Chernobyl is producing power again, but this time, it’s coming from the sun. Image: AFP


The Inertia

More than three decades after the most infamous nuclear disaster in history, Chernobyl has gone solar. After two years of construction, two energy companies pulled back the curtain on Ukraine’s latest feat: nearly 4,000 solar panels now call the 4-acre fallout zone home. The plant is inside the 770-square-mile Exclusion Zone, where the nuclear fallout is the highest and public access and habitation are restricted.

It was April 26, 1986, when the Chernobyl Nuclear Power Plant blew its top. The fourth reactor was fundamentally flawed and the workers in charge of making sure it functioned properly weren’t up to snuff, causing an explosion that was heard around the world. Hundreds of thousands of people were evacuated. Pripyat, the nearby town, was abandoned and remains empty (save for a surprisingly bustling tourist industry) to this day. Over 2,000 square miles are considered uninhabitable, and estimates are that no one’s going to be moving in near the explosion site for the next 20,000-or-so years. Now, the damaged reactor is buried in a giant tomb made of metal and cement.

But that doesn’t mean the contaminated land surrounding it is going to waste. Enerparc AG, a Germany-based clean-energy company and a Ukrainian engineering firm Rodina Energy Group Ltd shook hands on a deal to add to Ukraine’s power grid with renewables, choosing to use the unused land around as the site of their solar panels. The four acres of solar panels can produce enough power for 2,000 households. The solar plant is just steps from the station that caused the meltdown, and despite how risky that may sound, it’s there for a good reason. The plant is still hooked up to the grid, making the transition nearly seamless.

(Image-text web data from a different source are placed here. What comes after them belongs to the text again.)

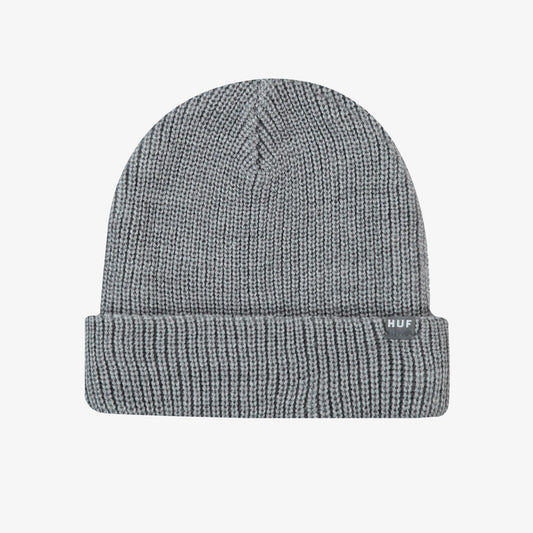 Huf Set Usual Erkek Gri Bere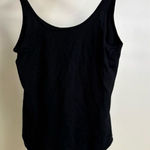 Abound NWT  Black Bodysuit Photo 0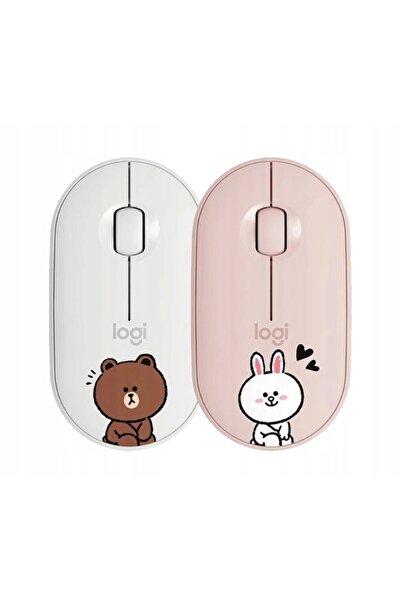 logitech Mouse wireless M185 ( 910-002237 )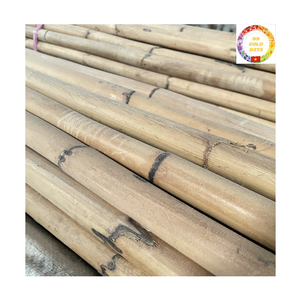 Raw Rattan Cane | Bulk Vietnam Natural <b>Poles</b> <b>for</b> Outdoor <b>Garden</b> & Furniture Support - Product Image 1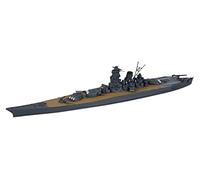 Tamiya - 31114 - Maquette - Bateau - Cuirasse Musashi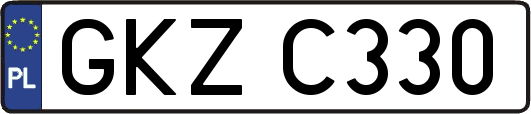 GKZC330
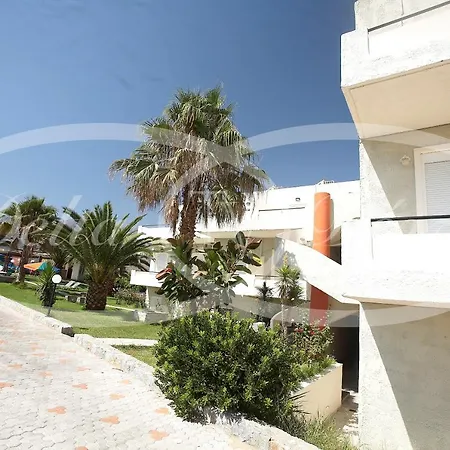 Ermioni 2* Paralia Kourna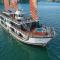 Orchid Classic Cruise - Ha Long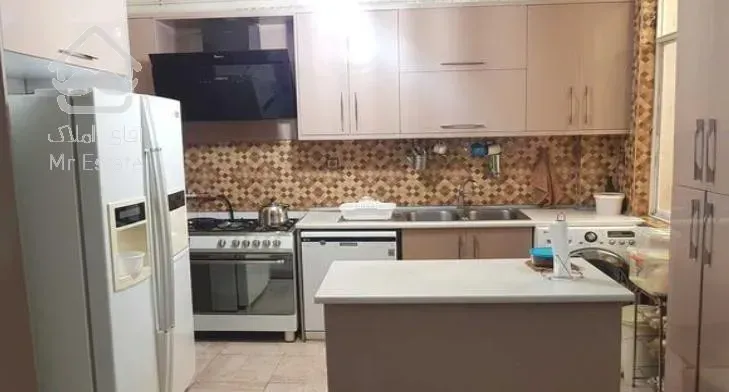 فروش اپارتمان 98 متری 2 خواب  کاشانی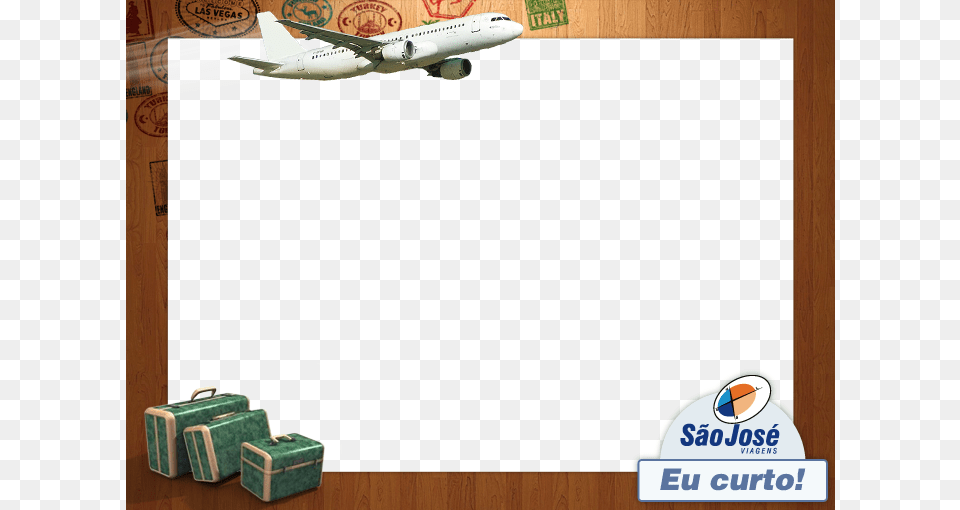 Selecione A Borda Sao Jose Viagens, Aircraft, Airplane, Vehicle, Transportation Png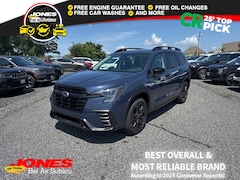 2025 Subaru Ascent Onyx Edition Touring 7-Passenger SUV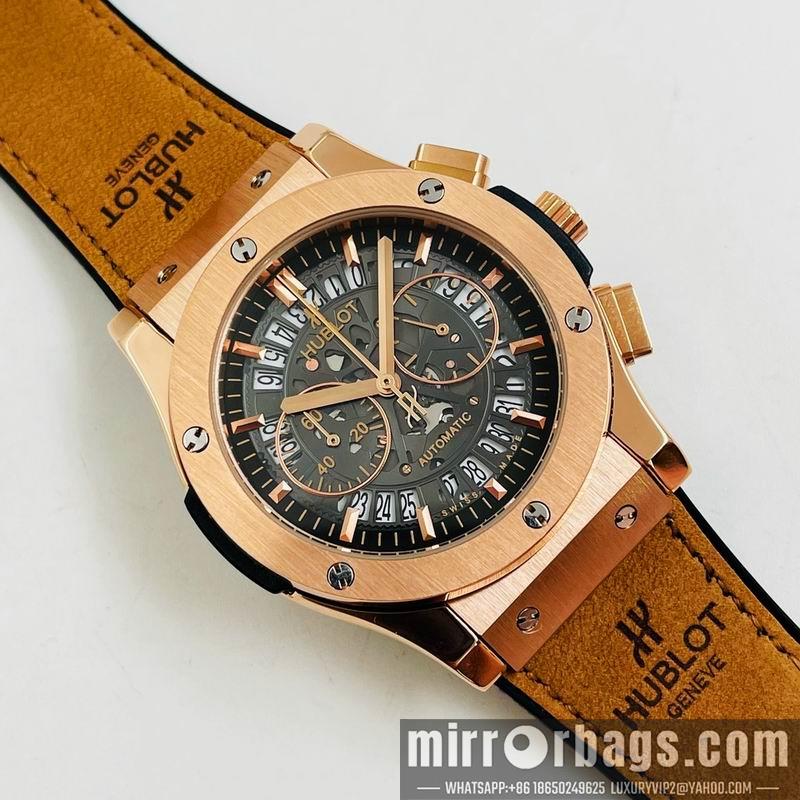 Hublot 41.9X11.7mm 082718
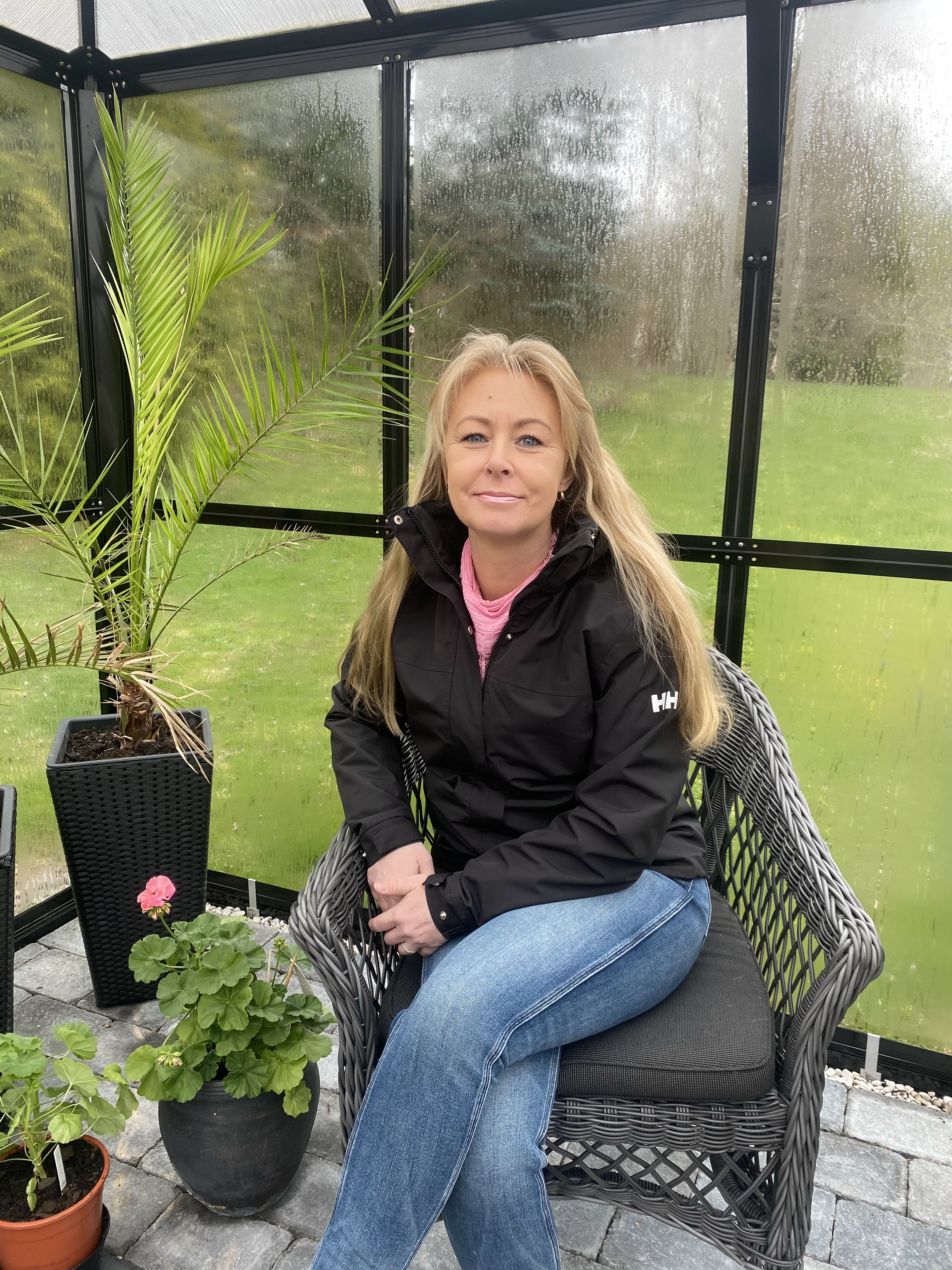 Anne-Marie Jacobsson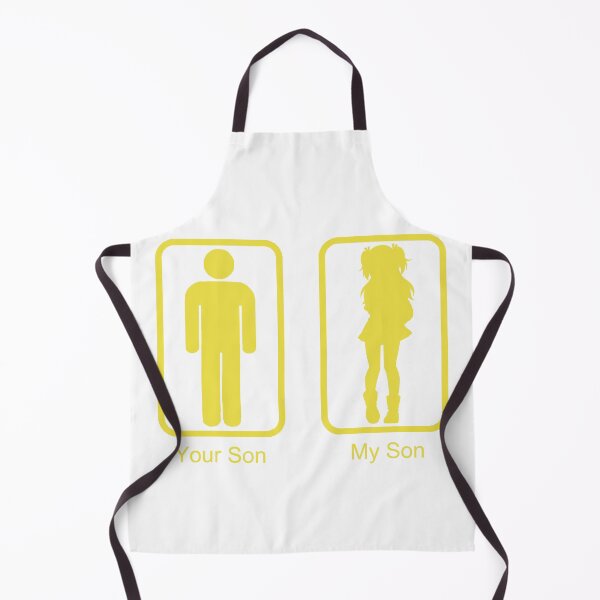 Item preview, Your Son My Son designed and sold by Ki11erRabbit.
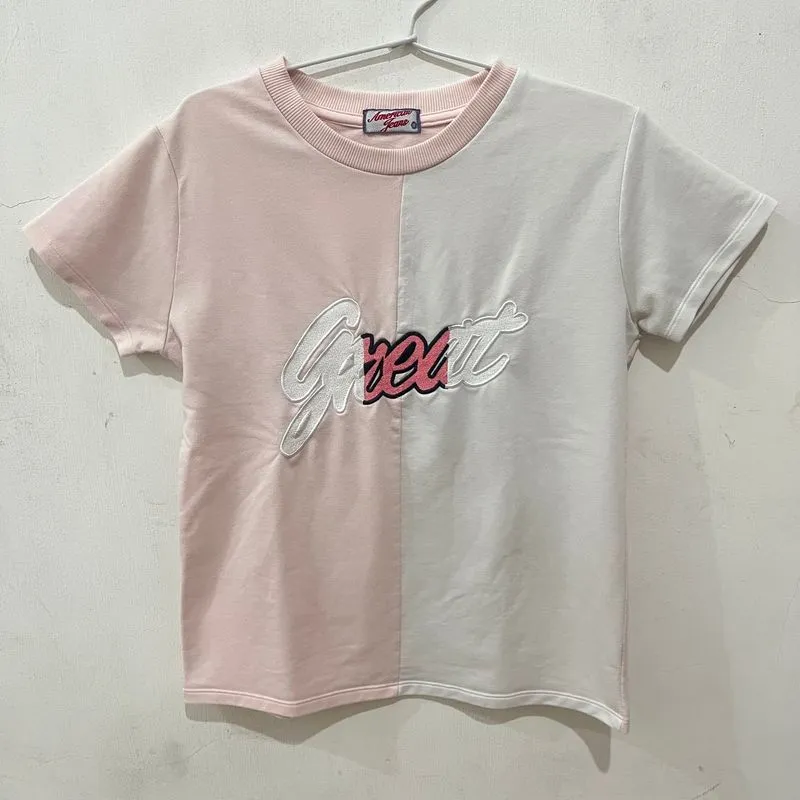 Atasan Wanita Pink photo 1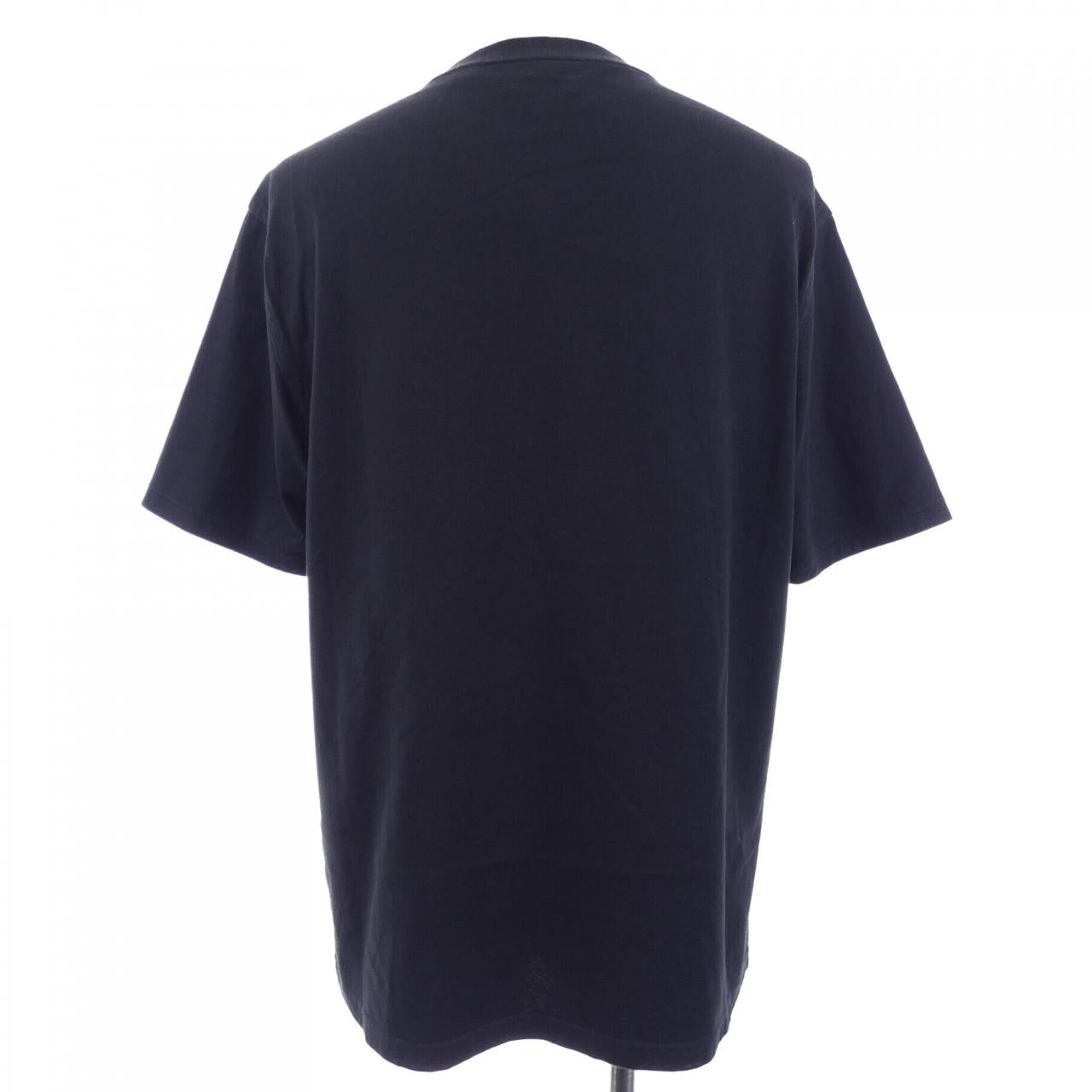 バーバリー コットンTシャツ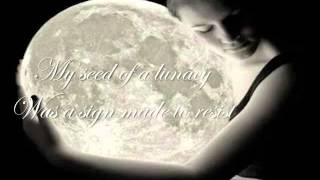 Moonspell - Luna (with lyrics)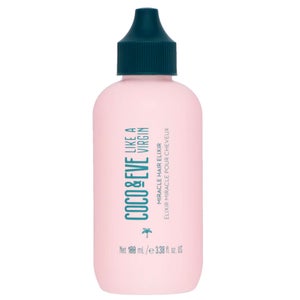 Coco & Eve Hair Styling Like A Virgin Miracle Hair Elixir 100ml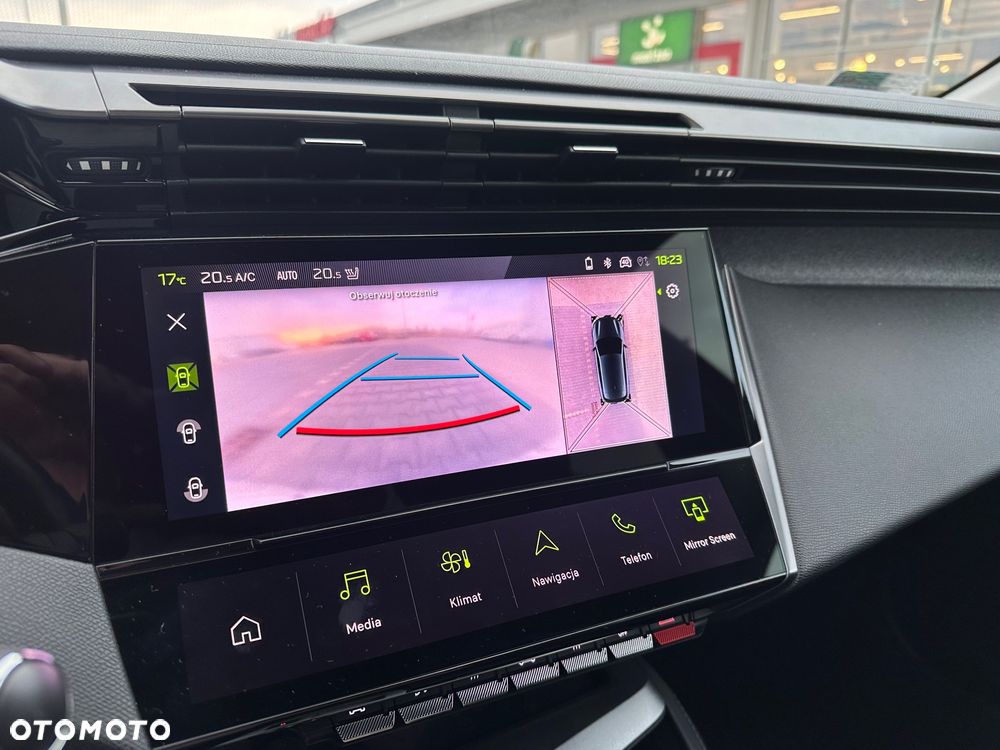 Peugeot 308 1.2 PureTech Allure Pack S&S EAT8 - 17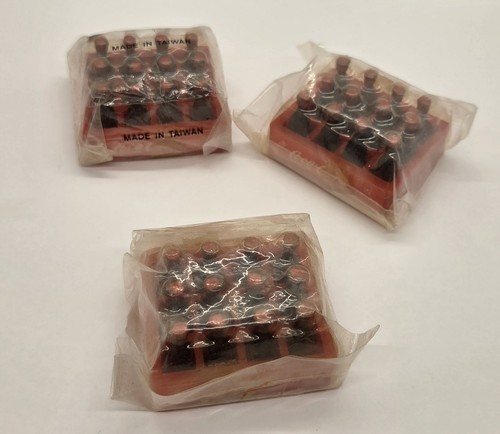 Nos vintage mini coca cola - 🔥nos, coca-cola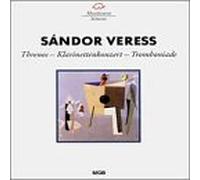 Varess, S. - Concerto Clarinet/Concerto 2 Trombone/Orchestra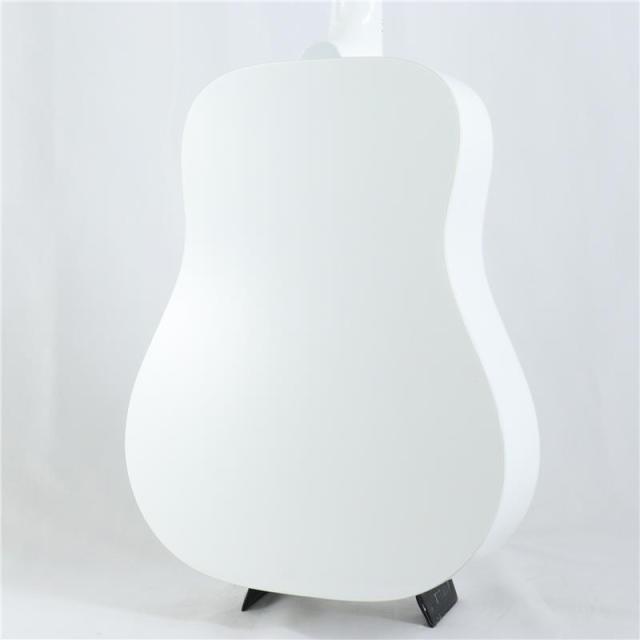 Epiphone 【数量限定エピフォン・アクセサリーパックプレゼント】 Dove Studio Limited Edition Alpine White エピフォン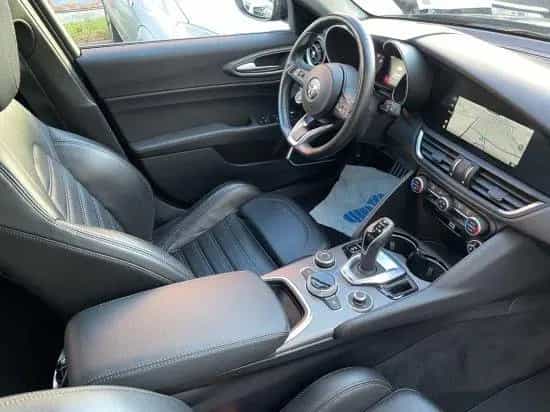 Alfa Romeo Giulia 2.0 Turbo 16V OPF  Sprint TotwAss ACC Rka 05/2021-photo-10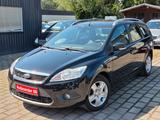 Ford Focus 1,6 Style+ Turnier - Ford Focus aus 2010: 1.6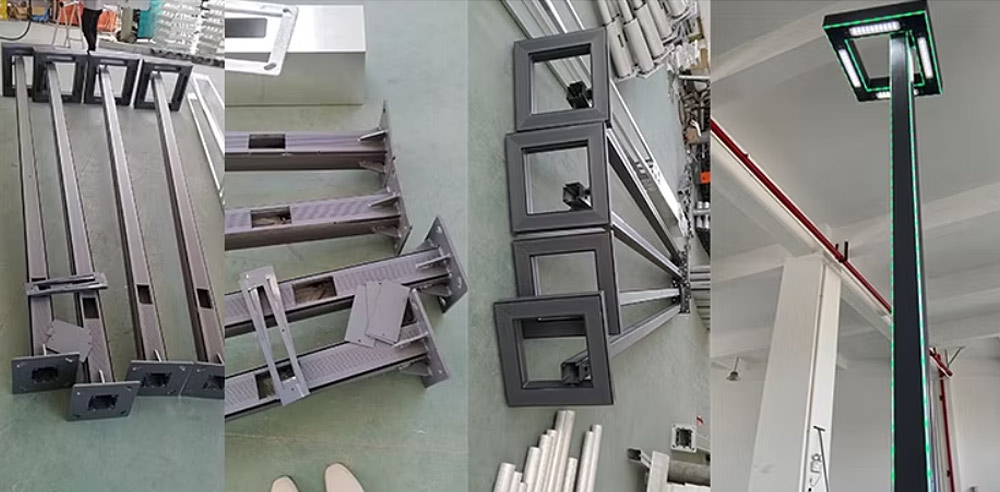 Solar Garden Lights Solar Garden Lights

With any luck, those 2,000 homes will just be the beginning. Ukrainian officials are hoping to build a plant that covers around 6,000 acres and could generate 100 megawatts of energy, but they need investors. Since the land in the Exclusion Zone can’t be used for anything, covering it with solar panels in a bid to make Ukraine a little more self-sufficient is a very bright idea.